(Information given Opens)

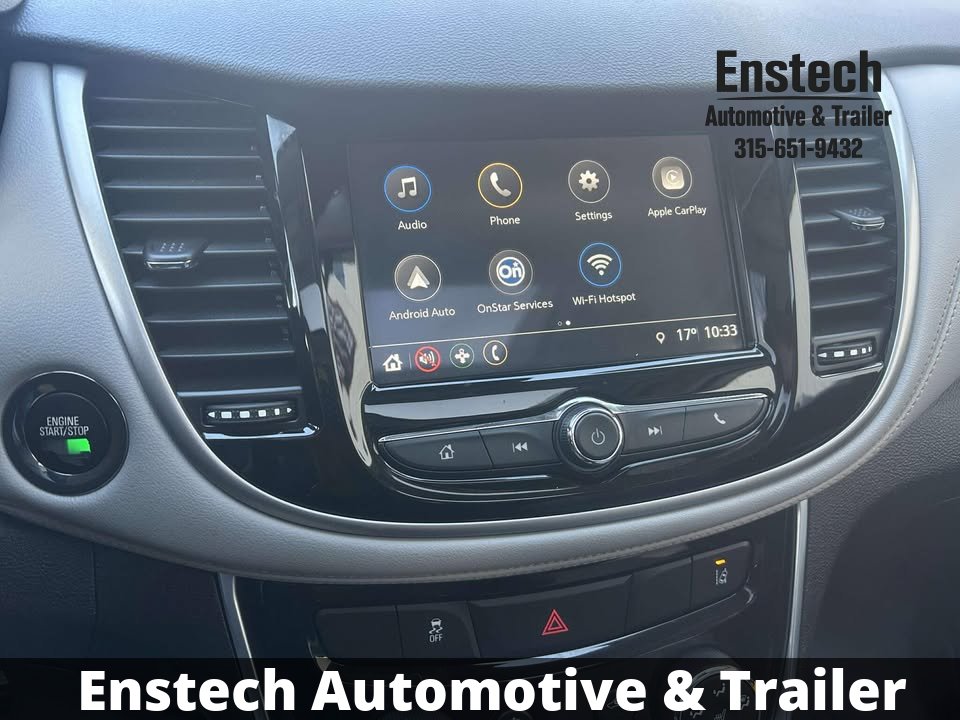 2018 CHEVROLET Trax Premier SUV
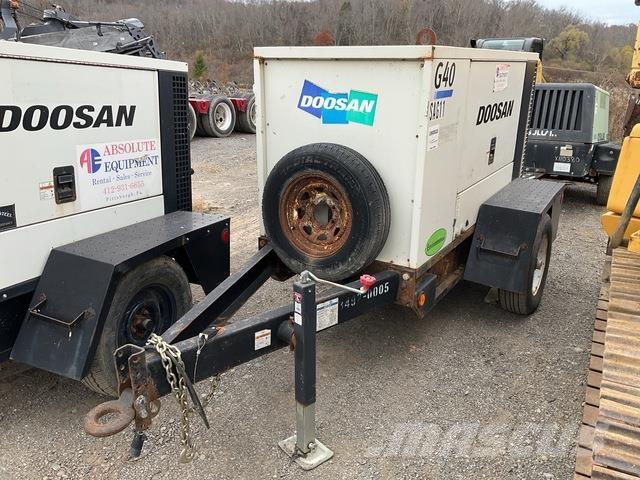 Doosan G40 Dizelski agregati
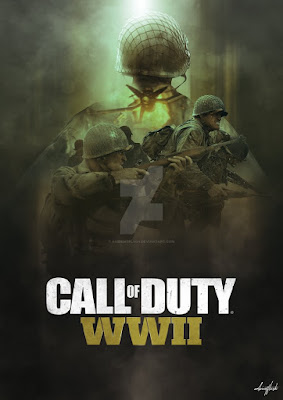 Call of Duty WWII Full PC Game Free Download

(Information given Closes)
(Information given Opens)

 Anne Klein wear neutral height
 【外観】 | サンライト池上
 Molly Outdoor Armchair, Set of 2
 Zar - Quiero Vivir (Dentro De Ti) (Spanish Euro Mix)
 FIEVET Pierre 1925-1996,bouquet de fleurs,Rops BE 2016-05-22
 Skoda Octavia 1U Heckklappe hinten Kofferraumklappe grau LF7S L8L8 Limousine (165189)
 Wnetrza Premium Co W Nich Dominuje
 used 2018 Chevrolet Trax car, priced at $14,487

(Information given Closes)

Task statement: Within the listing above, find the line containing "2018 CHEVROLET Trax Premier SUV" and the line containing "Call of Duty WWII Full PC Game Free Download". Transcribe them and everything between them exactly, leaving out the pictures.

Solution:
 2018 CHEVROLET Trax Premier SUV
 Doosan G40 Dizelski agregati
 Call of Duty WWII Full PC Game Free Download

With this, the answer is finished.